A May 9, 2017 announcement by Heilongjiang Province said farmers in the province will get subsidies based on the land area they plant in corn and in soybeans. The announcement promised that the soybean subsidy will be larger than the corn subsidy to encourage farmers to shift acreage from corn to soybeans, but the amount of the subsidies will not be determined until later in the season. Payments will be distributed to farmers by September 15, 2017.
The determination of the subsidies will occur over the next three months through a gigantic bureaucratic process. Statistical, financial, price bureau, and state farm officials at four levels of government will compile land area statistics and determine funding for the subsidies in order to set the payment per unit of land.
From June to August, officials in Heilongjiang's villages and state farms will compile information on farmer ID numbers, land plots, and area planted in each crop. They will publicly post lists of farmers and land area, giving farmers a chance to identify neighbors reporting exaggerated or false numbers. After the land numbers are verified, they are compiled and passed up to the county, prefecture, or state farm bureau. Only farmers who grow the crops can get subsidies. Farmers who rent land must have rental contracts that specify which party is entitled to the subsidy. Farmers cannot get subsidies for crops planted on land not designated for crop production or on illegally reclaimed land. Nor can farmers get subsidies for crops grown on land in the program that pays farmers to convert land to forests or grassland.
The central government will allocate a lump sum for each of the subsidies to Heilongjiang Province. Provincial authorities will then divide the corn and soybean subsidy funds among the counties, prefectures, and state farm bureau. These local officials will then determine the local subsidy by dividing the funds by the amount of corn/soybeans planted in their region. Thus, the amount of the subsidy for each crop will differ across localities within the province.
The dual payments for corn and soybeans in Heilongjiang are the latest development in China's evolving approach to subsidizing farmers. After China joined the WTO in 2001, officials began experimenting with subsidy payments. The national program launched in 2004 featured two subsidies, tax relief, and market-determined prices buttressed by a minimum price floor. One payment was intended to encourage use of improved strains of seeds, but it morphed into a subsidy for local seed companies. Another initiative was to give out small subsidies to grain farmers as a basic entitlement to build goodwill with the rural population. A third measure was to eliminate taxes on farmers collected by local officials. The grain marketing system was mostly privatized and a floor was set under wheat and rice prices.
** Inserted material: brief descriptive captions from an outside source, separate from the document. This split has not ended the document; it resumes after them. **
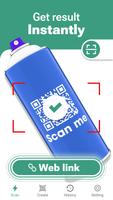 QR Scanner & QR Code Generator ảnh chụp màn hình 1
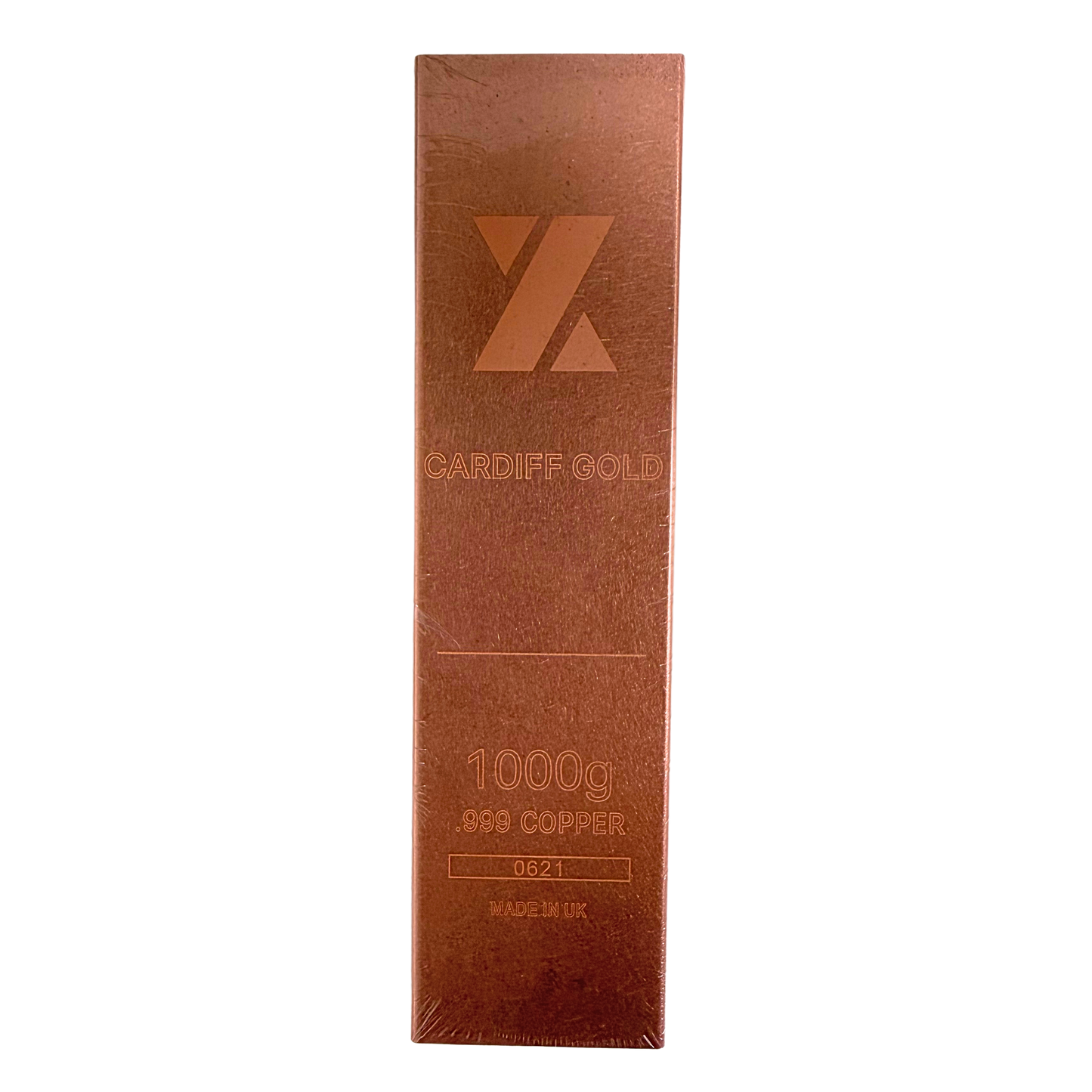 Hampshire Mint 1kg - Cardiff Gold Copper Bar
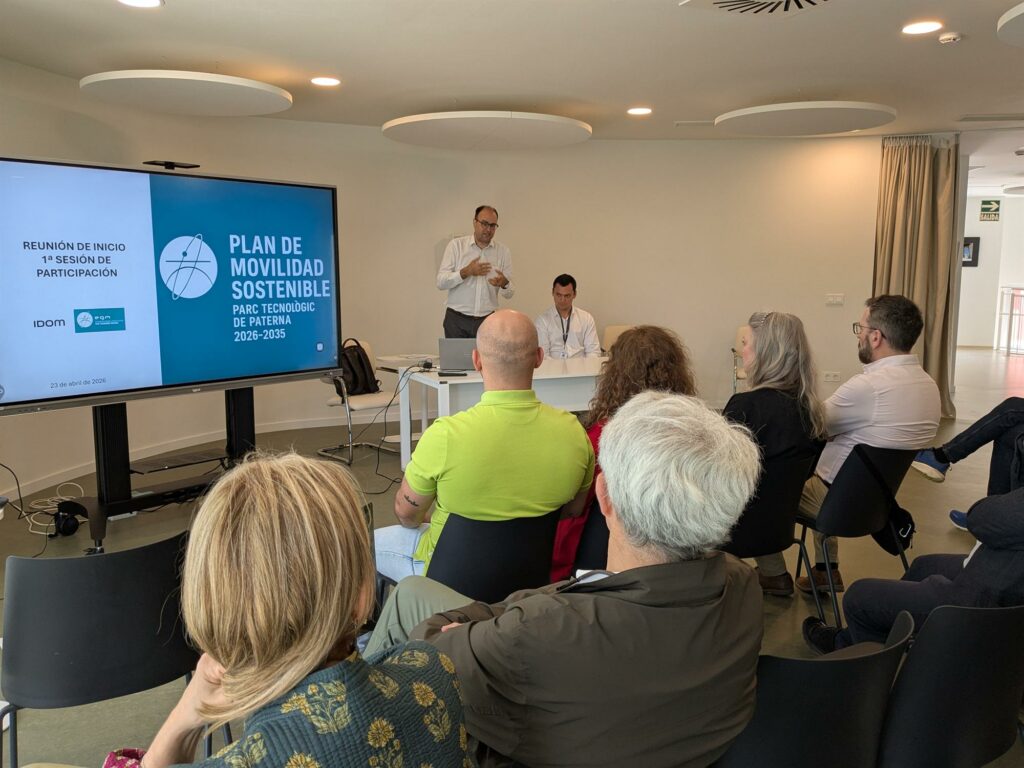 La EGM Parc Tecnològic Paterna ha dado el primer paso en la elaboración de su Plan de Movilidad Sostenible 2026–2035 con la celebración de una sesión de diagnóstico abierta a las empresas del parque,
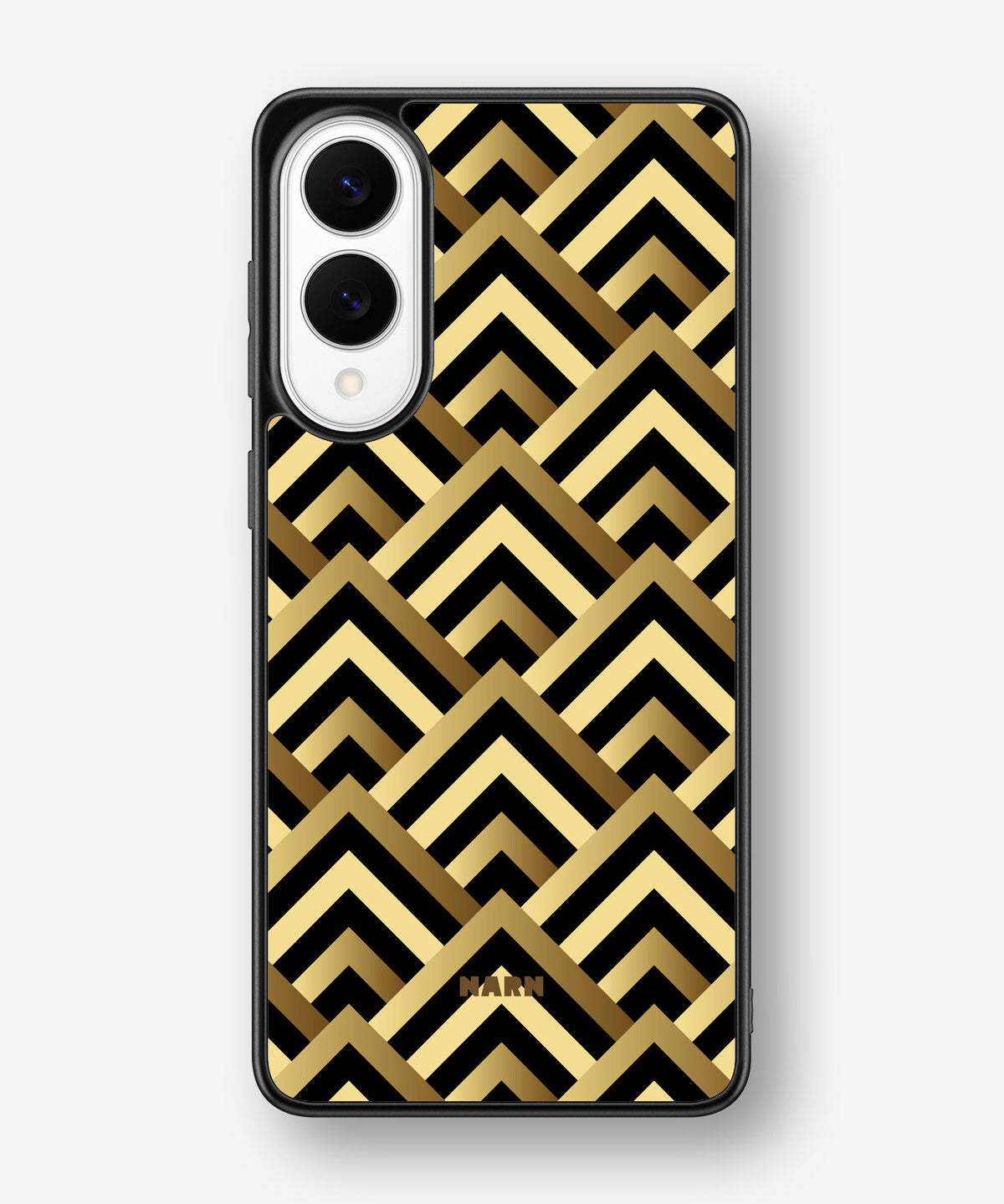 Samsung Galaxy S25 Edge Hard Case – Goldline - View 1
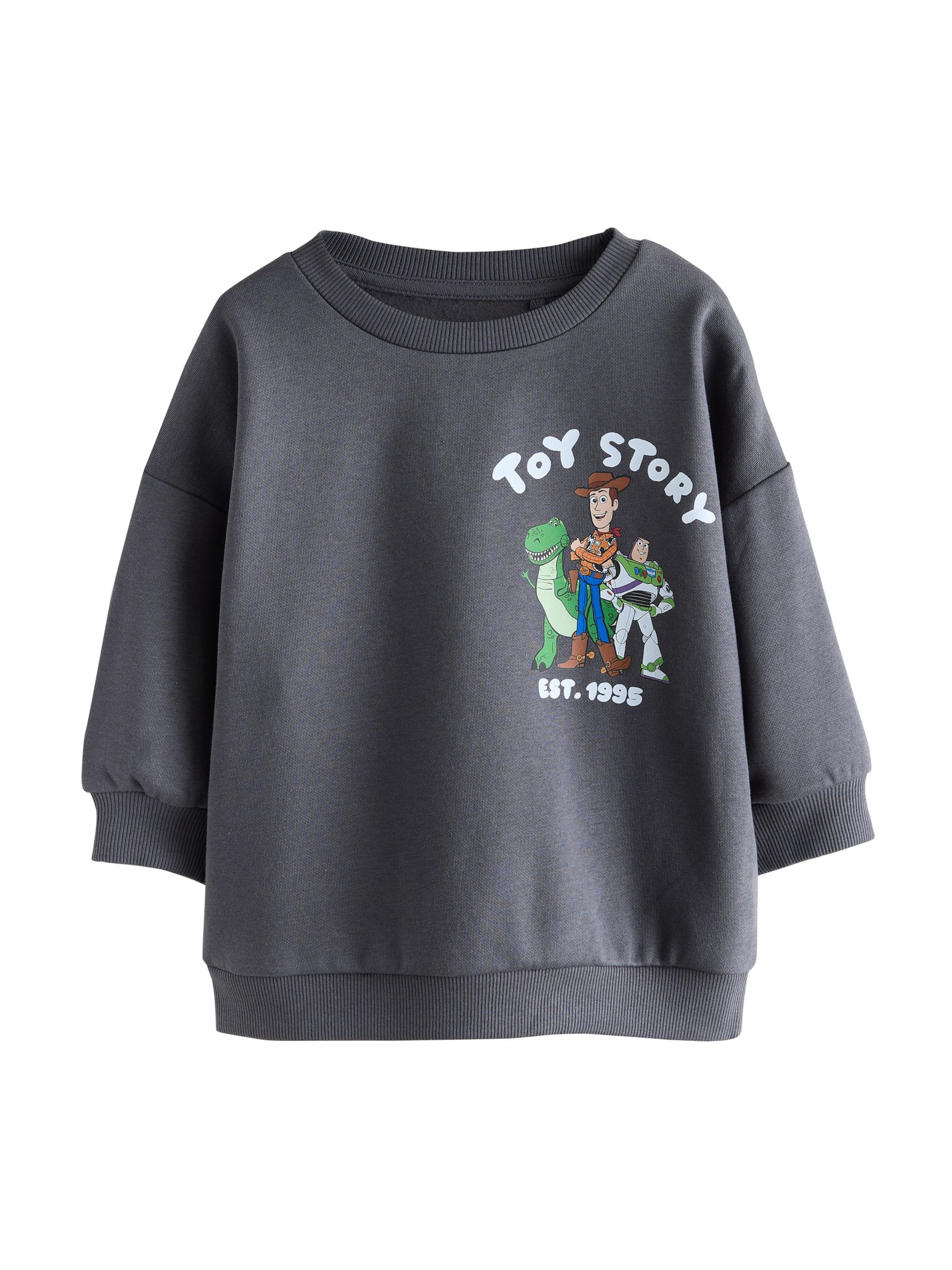 Felpa 'Toy Story' di Next in grigio: frontale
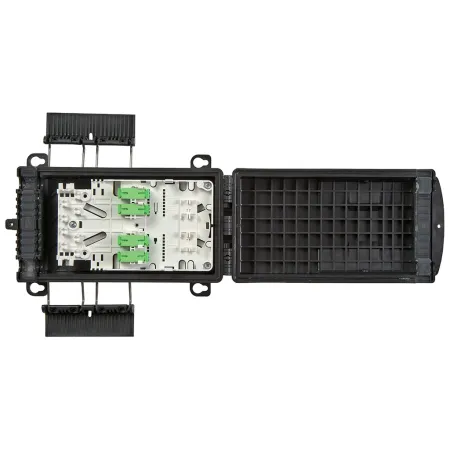 Муфта-кросс ССД МКО-П1-М/С09-10SC-8SC/APC-8SC/APC, IP67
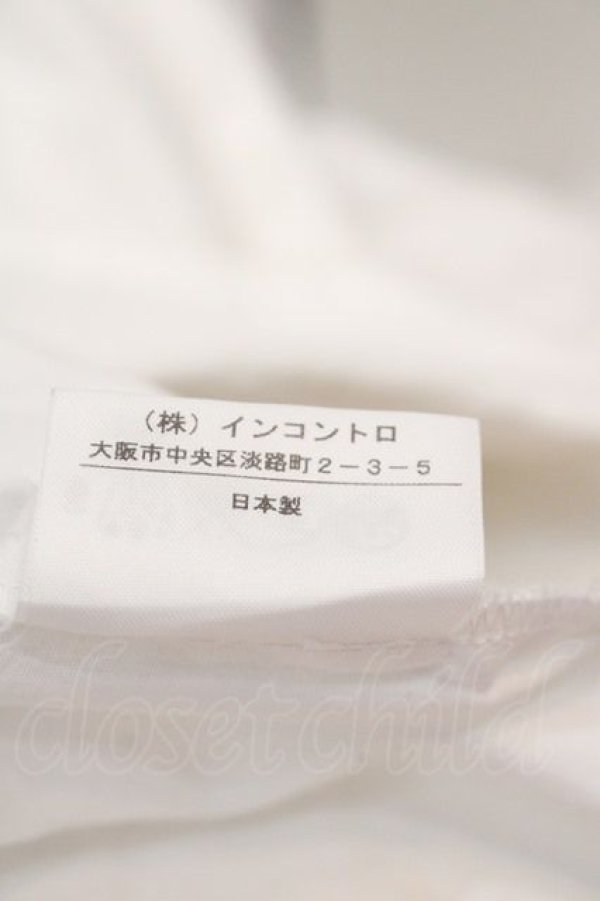 画像5: ヴィヴィアンウエストウッド 中古 / 楽譜デザインシャツ 2 白Ｘゴールド  I-25-02-12-007-bl-HD-ZI (5)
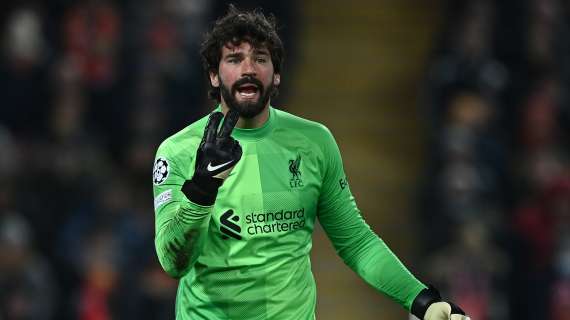 Liverpool, Alisson: “Il Napoli ha le qualità per andare avanti in Champions. Grandissimo lavoro di Spalletti”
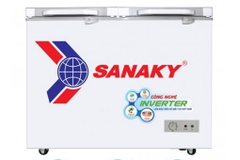 Tủ đông Sanaky Inverter 208 lít VH-2599A4K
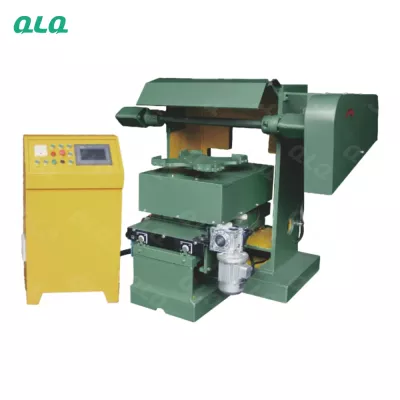 QLQ-HPM-2 Automatic Plane Rotary Hardware  Polishing Machine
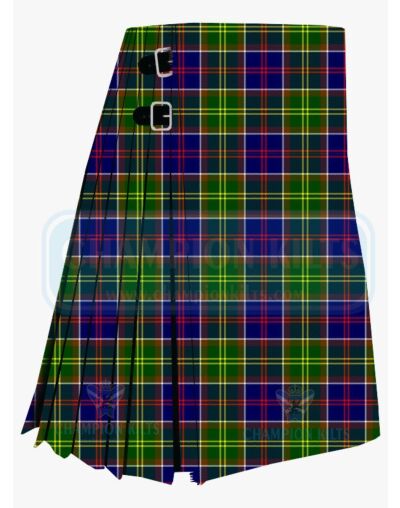 Ayrshire District Modern Tartan Kilt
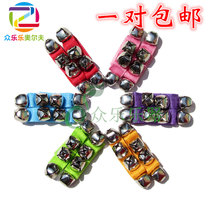 Baby baby toys hand bell wrist bell ring bell foot bell children African drum dance wristband fabric rattle bell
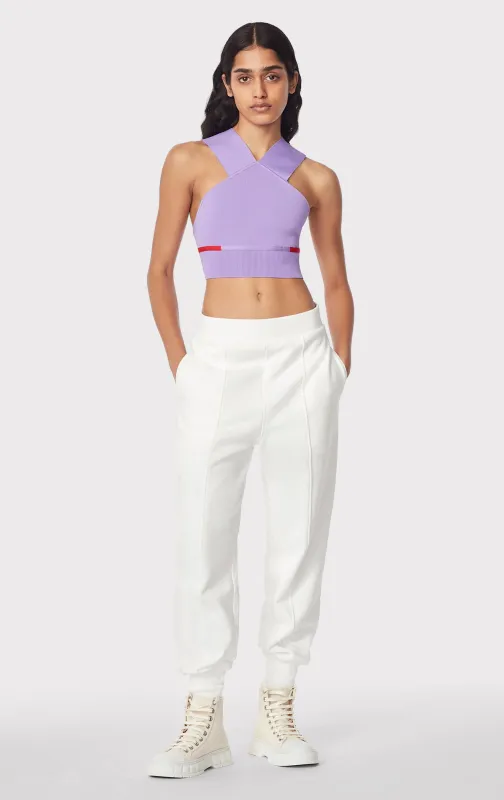 paneled jogger sweatpants sold by Herve Leger
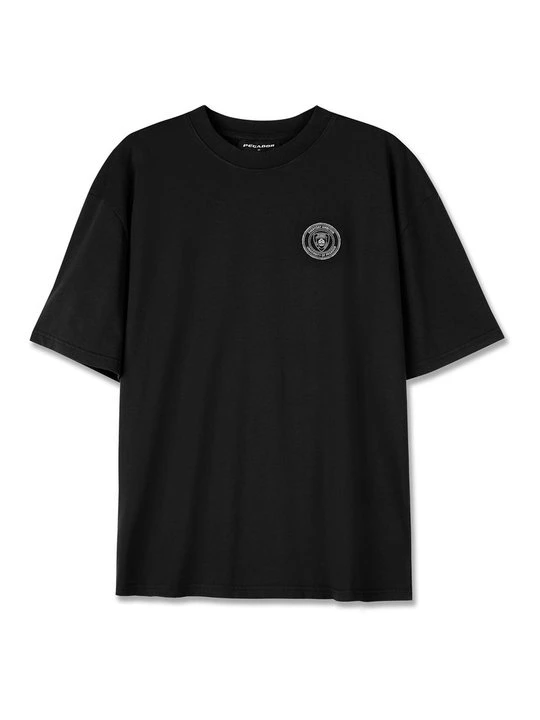 Zdjęcie produktu T-shirt z nadrukiem Pegador czarny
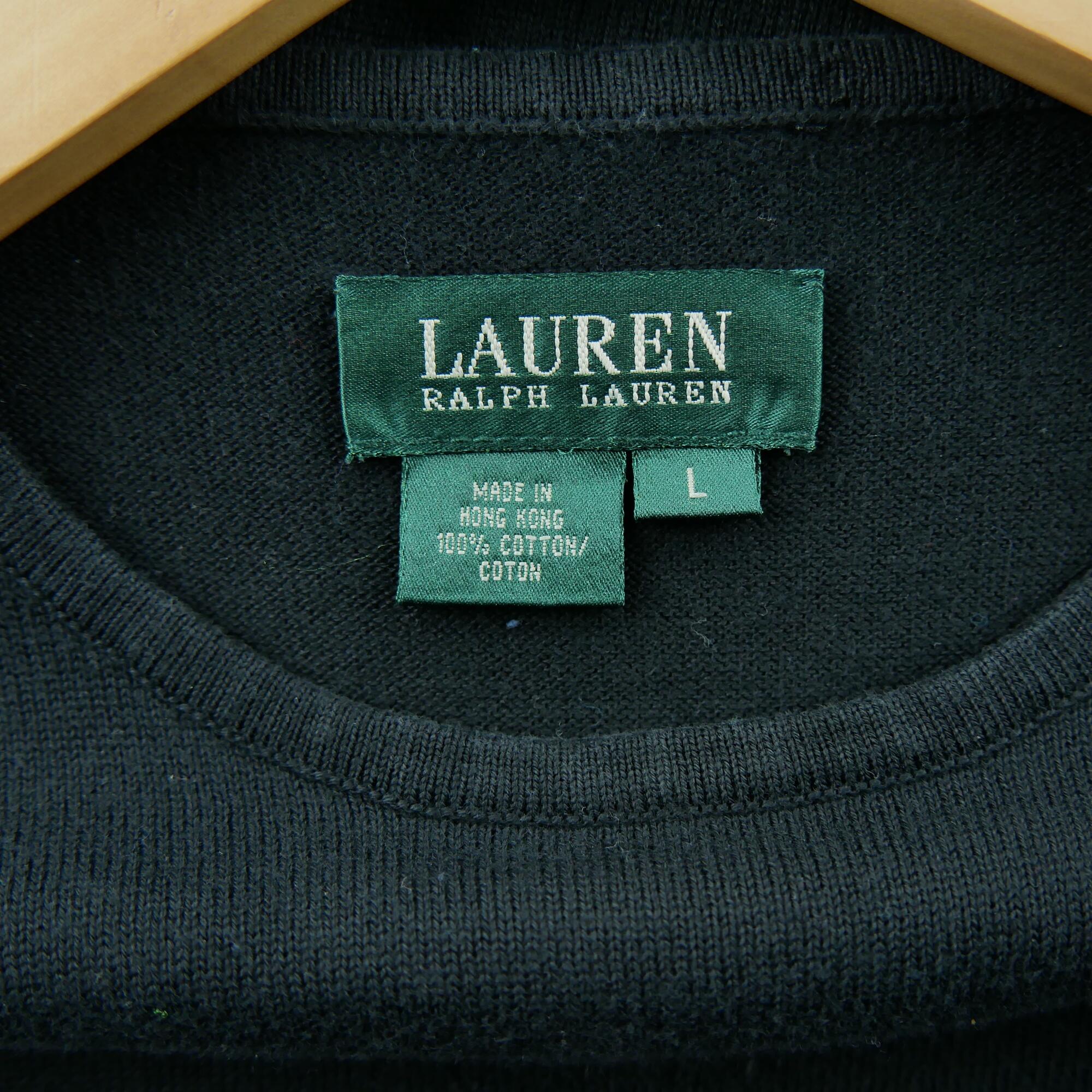 Segunda vida - Lauren Ralph Lauren Suéter Feminino - Em bom estado 7/7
The small payments proved ineffectual during the grain price spike of 2006-08 and the stimulus-driven inflation of 2009-12. Authorities then turned to jacking up floor prices to encourage farmers to keep planting grain and oilseeds. Raising soybean price floors in Heilongjiang was an immediate disaster because guaranteeing a price for domestic soybeans simply encouraged processing plants to import even more soybeans, leaving the government holding the expensive domestic beans. The soybean price floor lasted only four years and was replaced with a trial target price subsidy payment in 2014. The three-year target price trial was completed in 2016, and this year authorities elected to move to a subsidy payment not directly tied to soybean prices.
It took longer for authorities to realize the corn price floor was a disaster. Guaranteeing a minimum price for corn in Heilongjiang--where supply far exceeds demand--resulted in a massive glut now held by the government's reserve corporation. The corn price floor was finally abandoned in 2016 and replaced with a corn producer subsidy payment.
So this year Heilongjiang has dual subsidy payments for corn and soybeans. Farmers planted their crops based on an assurance that the subsidy for soybeans will be higher than the subsidy for corn. According to the announcement, farmers will also receive "guidance" to plant more soybeans.
Heilongjiang is also one of China's top rice-producing provinces and it also has a glut of this crop. In 2017, the minimum price for japonica rice was cut for the first time to prevent farmers from shifting land into rice--the only crop in Heilongjiang that still has a price floor.
Heilongjiang farmers also receive the "support and protection" payment for grain producers.
The dual subsidy payments for soybeans and corn are described by officials as a market-oriented policy that lets market prices determine supply and demand. Nevertheless, officials are still intent on tweaking subsidies to engineer the composition of farm output.